What is "unfortunate[] for progressives" might be very fortunate for the people's right to govern themselves through the democratic process and not be ruled by philosopher kings with the power to propose and ratify their own constitutional amendments. Or it might not.

News Scan

Florida's Miranda Warnings Pass Supreme Court Scrutiny: Associated Press writer Jesse J. Holland reports on today's Supreme Court decision approving Florida's version of the Miranda rights warnings.  The court's 7-2 decision in Florida v. Powell restored Kevin Dwayne Powell's conviction in the first of three Miranda rights cases heard this year.  The decision clarified what the long-established Miranda rights require police to do. Powell was convicted of illegally possessing a firearm after telling police he bought the weapon "off the street" for personal protection.  Before his confession, Powell signed a Miranda statement that included the words, "You have the right to talk to a lawyer before answering any of our questions.  If you cannot afford to hire a lawyer, one will be appointed for you without cost and before any questioning.  You have the right to use any of these rights at any time you want during this interview."  The Florida Supreme Court overturned Powell's conviction, saying police did not explicitly tell him he had a right to a lawyer during his interrogation.  "Nothing in the words used indicated that counsel's presence would be restricted after the after the questioning commenced," Justice Ruth Bader Ginsburg said, writing for the majority. "Instead, the warning communicated that the right to counsel carried forward to and through the interrogation." The Court has two more Miranda rights cases pending, including whether officers can interrogate a suspect who said he understood his rights but did not invoke them, and whether a request for a lawyer during interrogation can expire after a lengthy period of time.  The Foundation has entered both of these cases.  Our brief addressing the invocation issue in Berghuis v. Thompkins is available here.  The brief for the second case, Maryland v. Shatzer, is available here.  Lauren's post on the issue can be found here.

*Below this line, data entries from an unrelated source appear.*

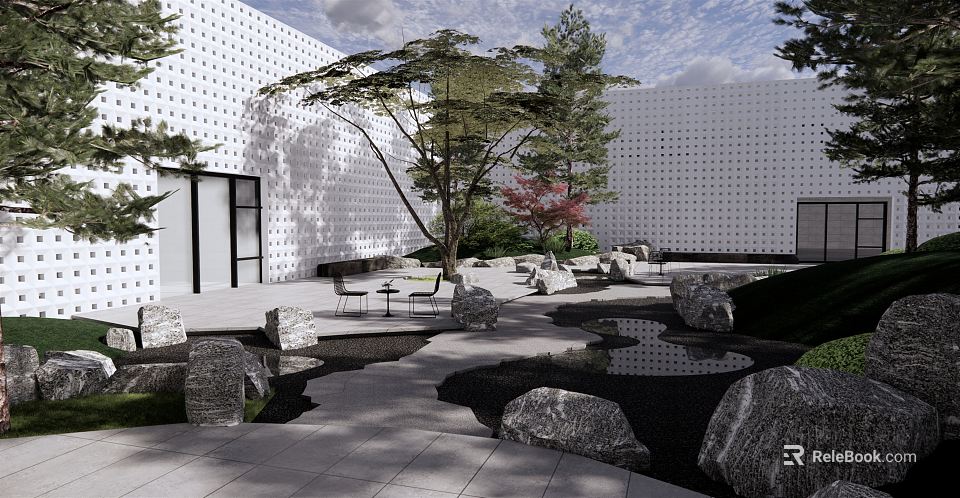 Traditional Karesansui Garden Design With Raked Gravel Natural Stones And Pine Trees 3d model 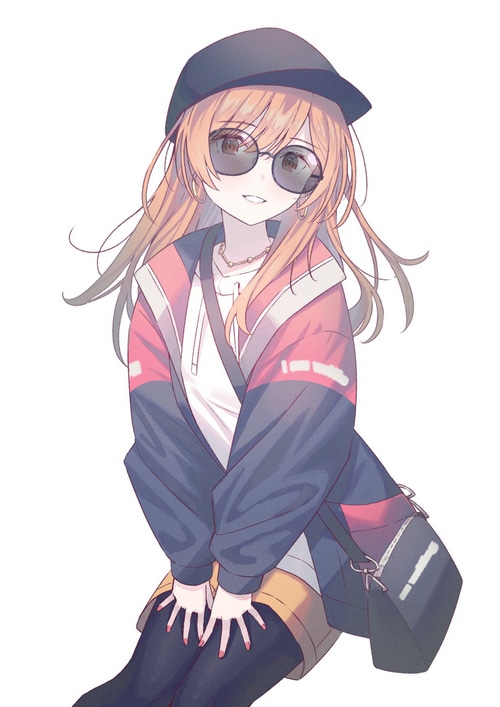 Anime girl with sunglasses, hat, and purse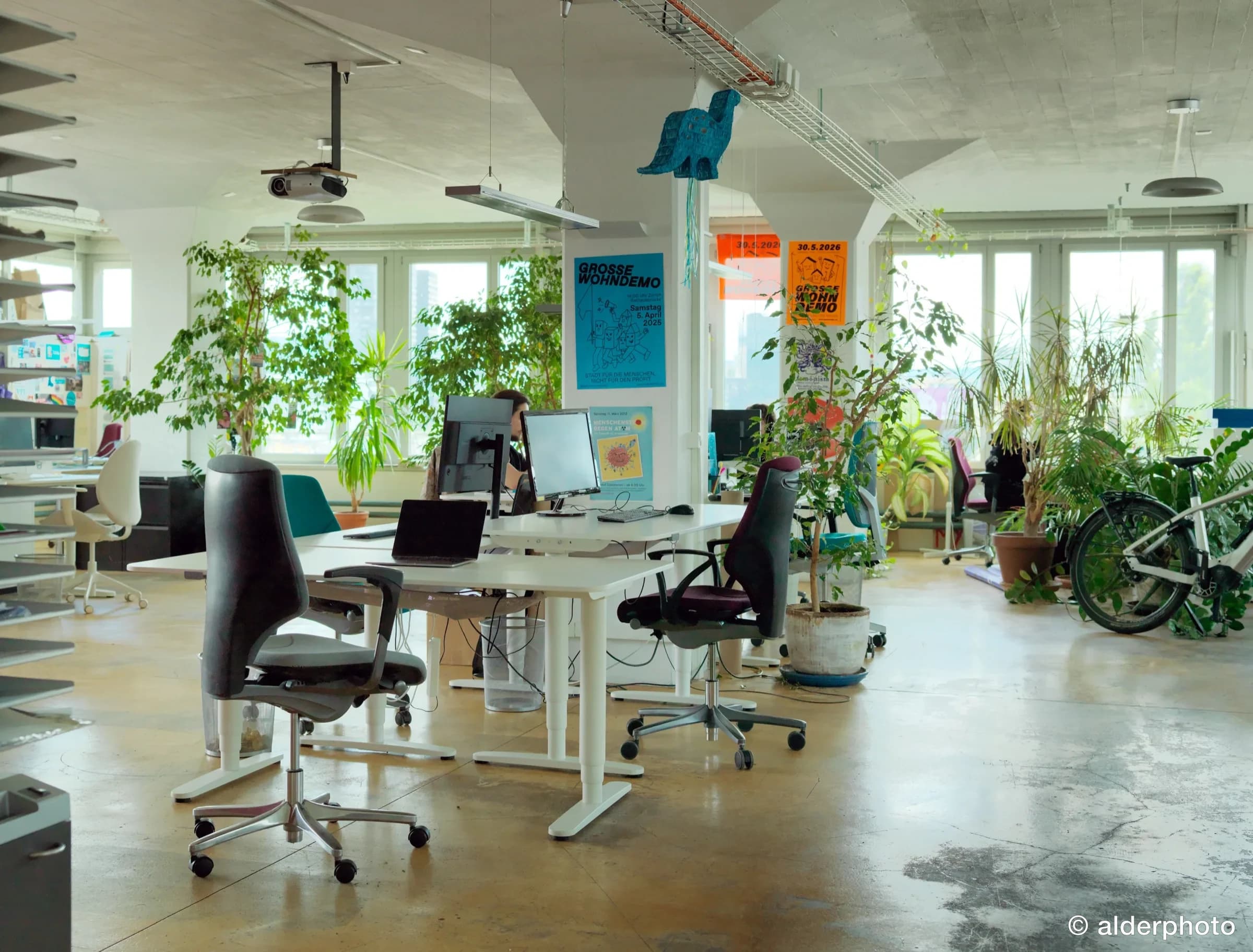 Creative corner with posters and a bike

"NYC bomb plotter deal might help broaden case":
  Associated Press writers Adam Goldman and Tom Hays report on a plea deal prosecutors are making with a NYC bomb plotter, Najibullah Zazi.  Zazi, who once worked as a Colorado airport shuttle driver, admitted to being persuaded by al-Qaida and to work for the Taliban.  "I had discussions with al-Qaida leaders, including target locations, such as New York City subways," Zazi confessed.  Zazi pleaded guilty in Brooklyn federal court and is facing LWOP.  Now, Zazi has been presented with a plea deal, and has begun to release information regarding Al-Qaida.  Prosecutors hope that with Zazi's cooperation, other suspects will come to light.